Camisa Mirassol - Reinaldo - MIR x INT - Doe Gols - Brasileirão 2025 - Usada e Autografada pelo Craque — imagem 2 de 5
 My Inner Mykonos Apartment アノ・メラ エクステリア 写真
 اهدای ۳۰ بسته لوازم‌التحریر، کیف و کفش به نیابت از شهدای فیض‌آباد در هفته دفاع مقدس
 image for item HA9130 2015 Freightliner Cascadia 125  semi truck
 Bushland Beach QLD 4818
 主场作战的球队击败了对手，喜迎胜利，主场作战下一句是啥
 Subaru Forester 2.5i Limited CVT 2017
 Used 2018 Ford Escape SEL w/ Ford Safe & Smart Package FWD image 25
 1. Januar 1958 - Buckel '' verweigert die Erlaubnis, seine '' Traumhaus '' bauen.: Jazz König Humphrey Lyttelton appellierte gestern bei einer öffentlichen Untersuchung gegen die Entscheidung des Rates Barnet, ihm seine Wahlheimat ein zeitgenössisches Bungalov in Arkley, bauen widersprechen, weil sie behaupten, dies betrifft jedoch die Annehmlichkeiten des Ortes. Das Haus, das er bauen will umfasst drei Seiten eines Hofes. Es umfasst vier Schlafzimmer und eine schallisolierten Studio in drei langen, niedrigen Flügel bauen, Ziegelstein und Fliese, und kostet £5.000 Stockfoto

[THE TASK]
Print the first line of the records above and each line after it, exactly, through the line with "Used 2018 Ford".

[RESULT OF THE EXERCISE]
Camisa Mirassol - Reinaldo - MIR x INT - Doe Gols - Brasileirão 2025 - Usada e Autografada pelo Craque — imagem 2 de 5
 My Inner Mykonos Apartment アノ・メラ エクステリア 写真
 اهدای ۳۰ بسته لوازم‌التحریر، کیف و کفش به نیابت از شهدای فیض‌آباد در هفته دفاع مقدس
 image for item HA9130 2015 Freightliner Cascadia 125  semi truck
 Bushland Beach QLD 4818
 主场作战的球队击败了对手，喜迎胜利，主场作战下一句是啥
 Subaru Forester 2.5i Limited CVT 2017
 Used 2018 Ford Escape SEL w/ Ford Safe & Smart Package FWD image 25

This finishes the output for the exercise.